Concern follows the replacement of the Construction Products Directive with the Construction Products Framework on 1 July. The new framework makes it easier for manufacturers of non-standard products to obtain a CE mark indicating compliance with its requirements.
Manufacturers are also no longer required to provide as much guidance about how to use their products correctly as they were under the Construction Products Directive.
The significance of the shift emerged at a conference for stakeholders in Brussels late last month.
Contractors fear the move will trigger an increase in structural failures, for which they will be held accountable.
“Construction products are not commodity products,” said European contractors federation Fiec’s technical commission chairman Jan Coumans.
“They are safety critical. The future of the European construction industry depends on innovation. But if the system does not give us confidence, then it will reduce our willingness to use innovative products, because in most cases, when something goes wrong, the contractor is reliant on the goodwill of manufacturer to come forward, as you can always find some fault in the contractor’s installation.”

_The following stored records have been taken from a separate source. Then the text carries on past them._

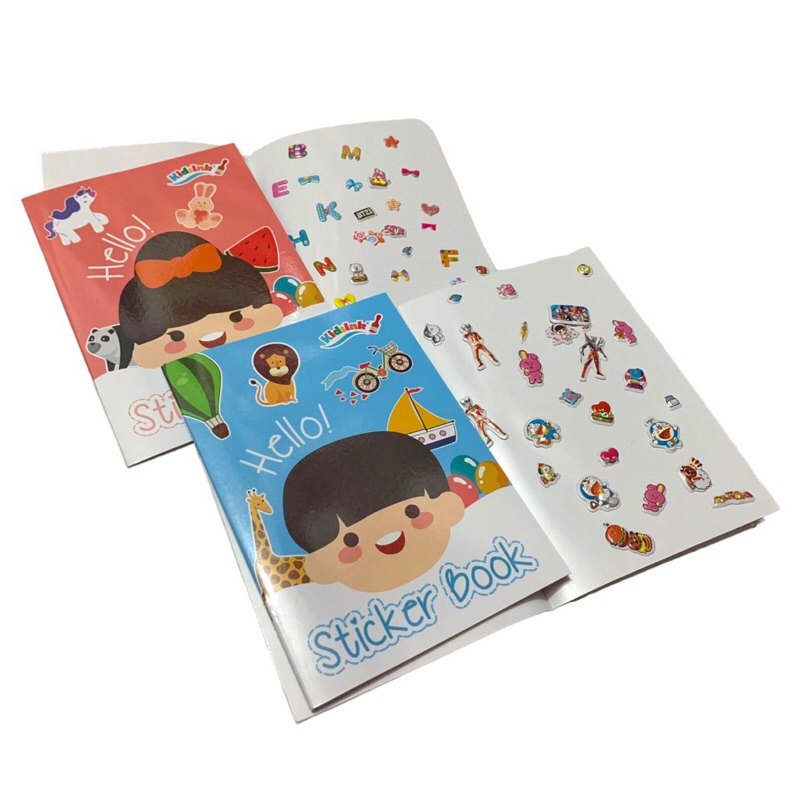 

BUKU ALBUM STICKER KOLEKSI STICKER/BUKU STICKER ANAK
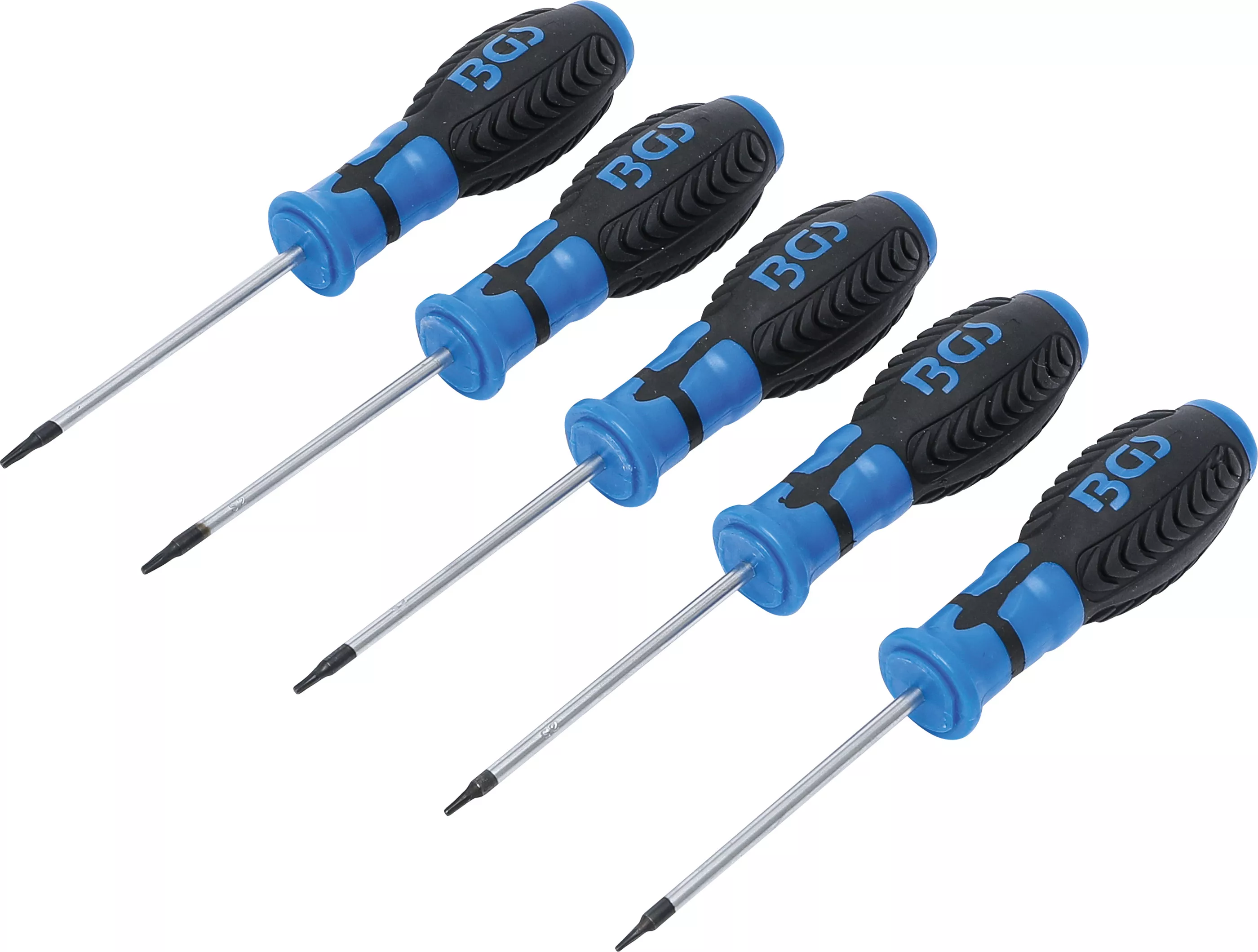 Şurubelniţe - Set surubelnite | Profil T (pentru Torx) | T6 - T10 | 5 piese
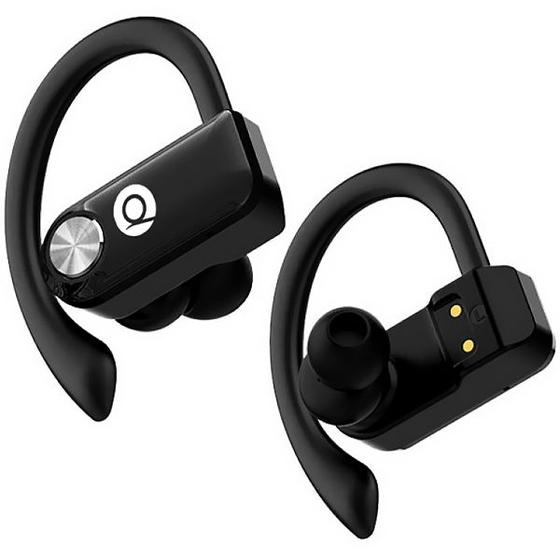 Imagem de Fone de Ouvido Sem Fio Quanta Motion Buds Pro QTFOE10 com e Microfone - Preto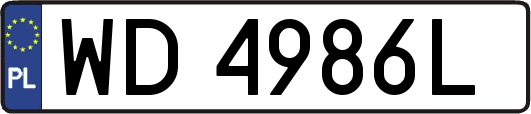 WD4986L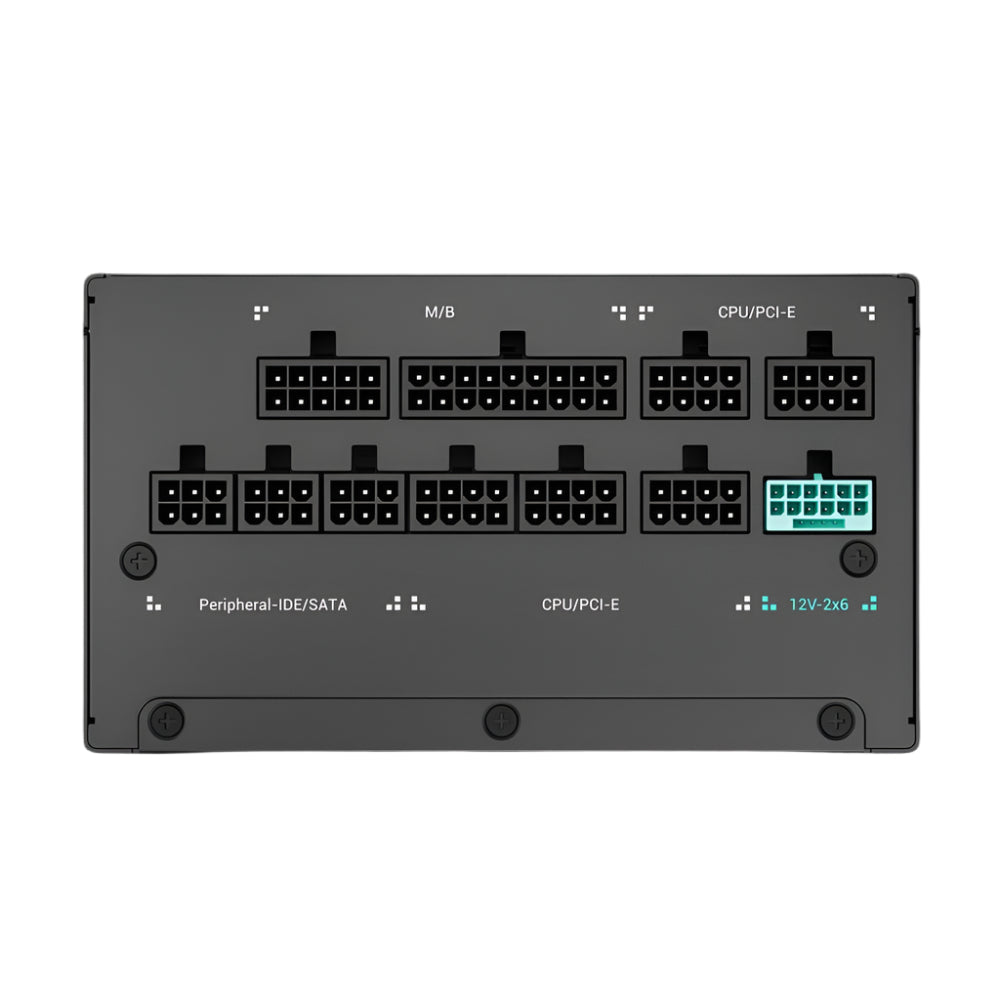 DEEPCOOL Gamer Storm PN1000M 1000W 80 Plus Gold Fully Modular ATX 3.1 Power Supply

The legislative change is driven by the European Commission’s desire to make it easier to get new products to market.
Instead of having to demonstrate a products’ fitness for purpose in use in order to obtain a “European Technical Approval”, manufacturers now must simply demonstrate that the product meets certain performance criteria in order to receive a “European Technical Assessment”.
These criteria will be set out in new European Approval Documents (EADs) but these have yet to be drafted.
Once a product is assessed, and awarded a CE mark, the rules then limit the degree to which manufacturers cab offer detailed guidance on how the product should be installed. This is in stark contrast to the old regime, whereby products receiving an ETA and CE mark had to provide a “library” of documentation including detailed instructions on how they should be used.
The significance of the shift in legislation emerged at a conference for stakeholders in Brussels late last month.
“It is essential that CE marking and ETAs provide users with all the necessary information to install or execute correctly,” said Coumans, adding that it was a real concern that legislation around safety critical products was being relaxed, and that information on how best to use them was being deliberately cut back.
“Given that CE marking and ETA documents will have an inherent credibility among users, FIEC fears that CE marking and ETA documents may be mis-used by the not-too-serious manufacturers,” he said.
“One expectation of CE marking and [the acronym] ETAs is that they confirm that the product meets a given specification,” agreed Rainer Mikulits, managing director of the Austrian Institute of Construction Engineering and president of the European Organisation for Technical Assessment (EOTA), the European Commission-backed body responsible for running the assessments programme.
“That is no longer the case. It just confirms that a product conforms with a declared performance criteria.”
“It is a change in philosophy and it is a concern,” he said.
Mikultis questioned the decision to give the manufacturer the power to decide which specific properties of his product would be tested.
“It is a little bit like Christmas. The CPF states that “the performance of these essential characteristics is to be agreed by the manufacturer and the assessment body.
“The ETA is no longer an assessment of the fitness for use.”
Progress on defining the EADs which will be used to carry out ETAs is slow and the industry remains in limbo. Products awarded a CE mark through the old ETA process and put on the market before 1 July remain valid. But products launched since remain without access to CE marking or any third party accreditation process.